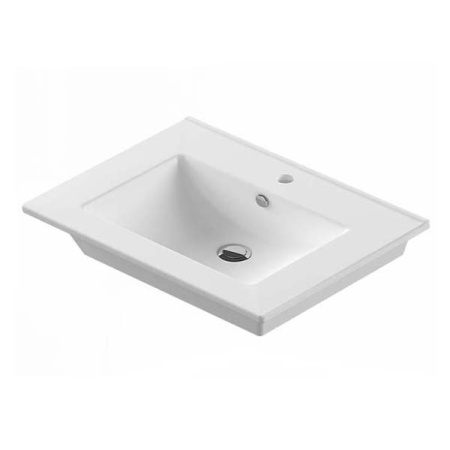 Comforty. Тумба-умывальник Марио-75 дуб темный с раковиной Quadro 75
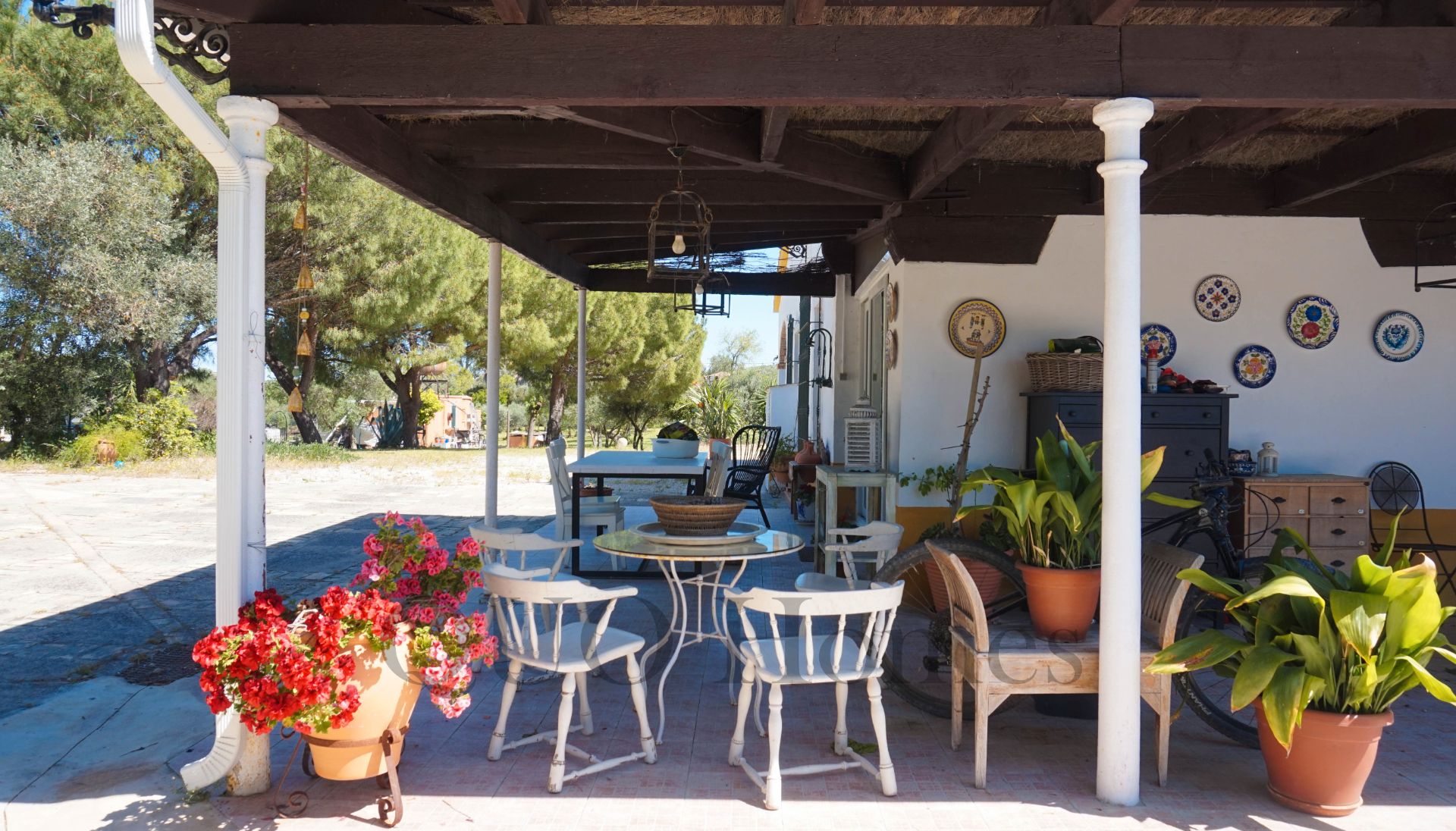 Terraza de Finca rústica en venta en Jerez de la Frontera con Aire acondicionado, Calefacción y Jardín privado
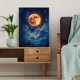 thumbnail image 5 of Qisvanset 12x16 Inch Swirling Cloud Full Moon Canvas Wall Art, Ethereal Night Sky Serene Nature Decor, 5 of 5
::::::
### Try it
Reproduce word for word only the lines between the line containing "Terraza de Finca" and the end of the listing above, both included, and drop any pictures.

### Answer for the task
 Terraza de Finca rústica en venta en Jerez de la Frontera con Aire acondicionado, Calefacción y Jardín privado
 thumbnail image 5 of Qisvanset 12x16 Inch Swirling Cloud Full Moon Canvas Wall Art, Ethereal Night Sky Serene Nature Decor, 5 of 5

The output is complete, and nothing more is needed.